WHAT YOU ARE ASKED TO DO — Output exactly the lines below, starting with the line that has "através de um teclado, tocam nas cordas" and going on through the line that has "instrumentos diferem no entanto no mecanismo", both included, and no other lines.
*** RECORDS FOR THIS TASK Section Begins ***
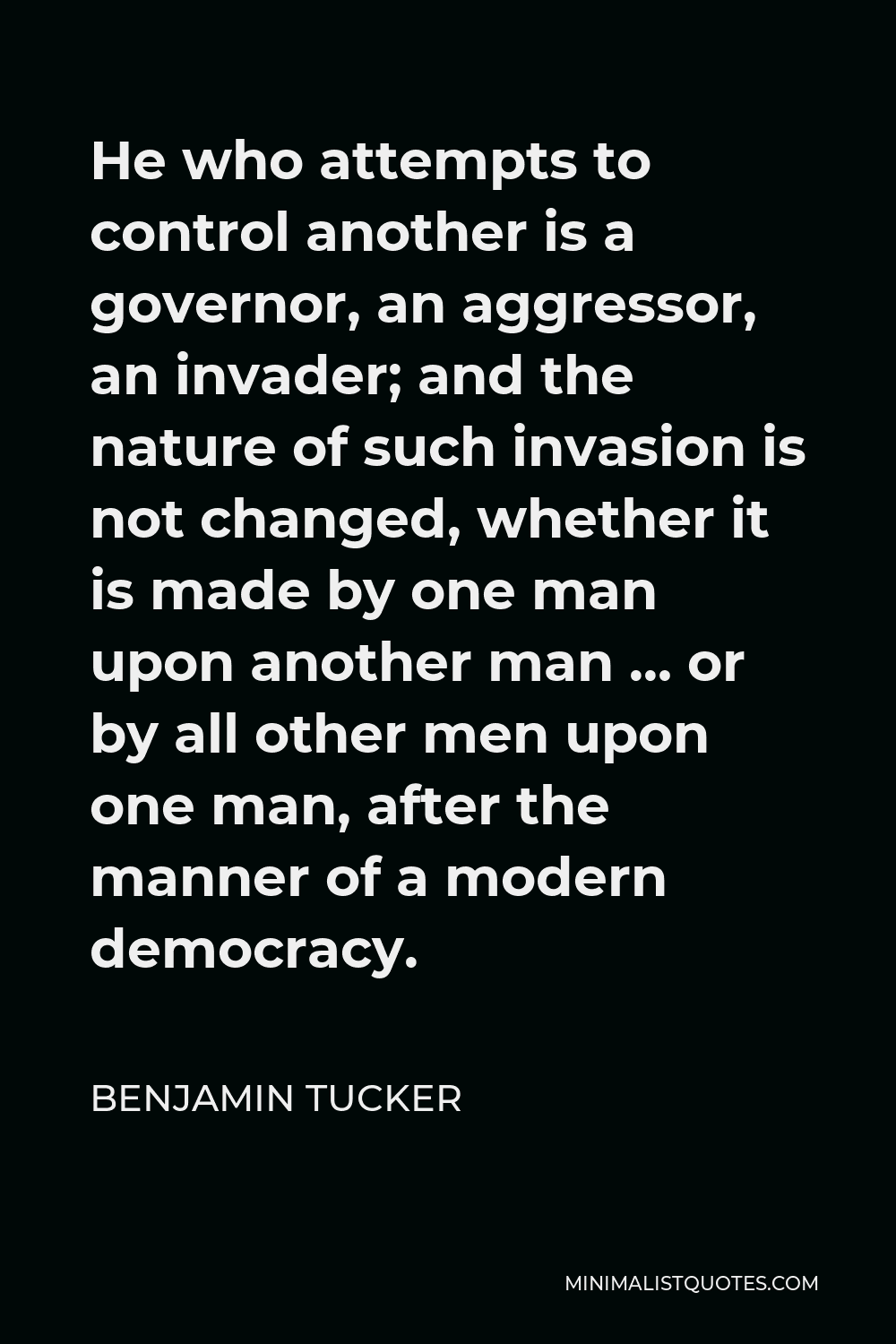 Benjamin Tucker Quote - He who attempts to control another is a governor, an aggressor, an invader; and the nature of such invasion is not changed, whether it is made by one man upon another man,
*** RECORDS FOR THIS TASK Section Ends ***
*** RECORDS FOR THIS TASK Section Begins ***
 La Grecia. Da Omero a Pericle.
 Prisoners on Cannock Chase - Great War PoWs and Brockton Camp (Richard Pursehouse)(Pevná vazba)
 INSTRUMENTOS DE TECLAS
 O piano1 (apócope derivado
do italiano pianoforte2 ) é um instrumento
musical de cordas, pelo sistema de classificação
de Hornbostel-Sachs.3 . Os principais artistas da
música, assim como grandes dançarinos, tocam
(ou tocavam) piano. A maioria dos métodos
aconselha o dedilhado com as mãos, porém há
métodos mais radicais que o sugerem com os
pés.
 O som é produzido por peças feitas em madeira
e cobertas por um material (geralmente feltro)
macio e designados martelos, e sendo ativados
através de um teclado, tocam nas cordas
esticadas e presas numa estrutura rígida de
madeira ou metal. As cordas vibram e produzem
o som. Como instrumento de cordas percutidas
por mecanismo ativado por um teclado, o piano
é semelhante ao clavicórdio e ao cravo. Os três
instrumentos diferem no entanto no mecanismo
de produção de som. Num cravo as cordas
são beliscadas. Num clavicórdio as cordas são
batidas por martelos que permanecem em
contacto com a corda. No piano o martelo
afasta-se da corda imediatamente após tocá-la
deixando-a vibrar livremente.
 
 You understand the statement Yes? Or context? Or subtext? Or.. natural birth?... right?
*** RECORDS FOR THIS TASK Section Ends ***
RESPONSE FOR THIS EXERCISE —
através de um teclado, tocam nas cordas
esticadas e presas numa estrutura rígida de
madeira ou metal. As cordas vibram e produzem
o som. Como instrumento de cordas percutidas
por mecanismo ativado por um teclado, o piano
é semelhante ao clavicórdio e ao cravo. Os três
instrumentos diferem no entanto no mecanismo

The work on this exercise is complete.